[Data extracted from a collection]
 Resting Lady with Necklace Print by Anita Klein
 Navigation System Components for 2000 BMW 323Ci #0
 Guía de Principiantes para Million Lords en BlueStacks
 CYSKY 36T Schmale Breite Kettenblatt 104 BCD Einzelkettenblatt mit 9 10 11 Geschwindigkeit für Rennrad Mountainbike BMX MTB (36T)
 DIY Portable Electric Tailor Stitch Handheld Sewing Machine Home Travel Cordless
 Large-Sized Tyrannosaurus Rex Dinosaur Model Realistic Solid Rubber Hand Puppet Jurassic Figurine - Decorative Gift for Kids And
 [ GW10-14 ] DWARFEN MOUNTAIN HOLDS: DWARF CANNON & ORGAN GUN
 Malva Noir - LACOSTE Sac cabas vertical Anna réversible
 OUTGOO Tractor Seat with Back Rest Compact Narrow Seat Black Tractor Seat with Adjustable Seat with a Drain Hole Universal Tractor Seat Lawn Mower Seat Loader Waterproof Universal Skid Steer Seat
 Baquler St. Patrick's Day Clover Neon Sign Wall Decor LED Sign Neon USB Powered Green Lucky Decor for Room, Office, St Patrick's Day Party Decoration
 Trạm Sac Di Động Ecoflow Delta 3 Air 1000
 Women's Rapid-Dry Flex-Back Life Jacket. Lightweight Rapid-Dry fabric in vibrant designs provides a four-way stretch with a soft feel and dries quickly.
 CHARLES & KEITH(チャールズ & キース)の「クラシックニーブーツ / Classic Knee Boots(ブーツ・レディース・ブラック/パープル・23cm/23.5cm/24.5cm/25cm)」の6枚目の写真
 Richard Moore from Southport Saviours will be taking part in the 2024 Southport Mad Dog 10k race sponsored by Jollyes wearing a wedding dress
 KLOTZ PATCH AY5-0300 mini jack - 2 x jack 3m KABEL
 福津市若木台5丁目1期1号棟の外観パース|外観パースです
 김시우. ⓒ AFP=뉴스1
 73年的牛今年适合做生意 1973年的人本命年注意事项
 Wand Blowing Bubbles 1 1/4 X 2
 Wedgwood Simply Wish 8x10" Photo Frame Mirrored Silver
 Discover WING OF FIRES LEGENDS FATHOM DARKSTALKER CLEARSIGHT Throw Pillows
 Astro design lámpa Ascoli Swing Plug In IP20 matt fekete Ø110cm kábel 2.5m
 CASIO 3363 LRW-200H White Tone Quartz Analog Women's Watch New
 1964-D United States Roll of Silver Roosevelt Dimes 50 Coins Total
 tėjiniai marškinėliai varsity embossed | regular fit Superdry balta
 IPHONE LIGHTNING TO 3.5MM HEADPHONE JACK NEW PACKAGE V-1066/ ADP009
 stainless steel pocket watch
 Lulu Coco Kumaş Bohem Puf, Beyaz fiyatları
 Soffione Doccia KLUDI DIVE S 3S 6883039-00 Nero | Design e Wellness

**AIM OF THE EXERCISE:**
Nothing from before the line containing "Astro design lámpa" should appear; copy that line and each one after it through the last line of the entries, exactly.

**EXPECTED ANSWER:**
 Astro design lámpa Ascoli Swing Plug In IP20 matt fekete Ø110cm kábel 2.5m
 CASIO 3363 LRW-200H White Tone Quartz Analog Women's Watch New
 1964-D United States Roll of Silver Roosevelt Dimes 50 Coins Total
 tėjiniai marškinėliai varsity embossed | regular fit Superdry balta
 IPHONE LIGHTNING TO 3.5MM HEADPHONE JACK NEW PACKAGE V-1066/ ADP009
 stainless steel pocket watch
 Lulu Coco Kumaş Bohem Puf, Beyaz fiyatları
 Soffione Doccia KLUDI DIVE S 3S 6883039-00 Nero | Design e Wellness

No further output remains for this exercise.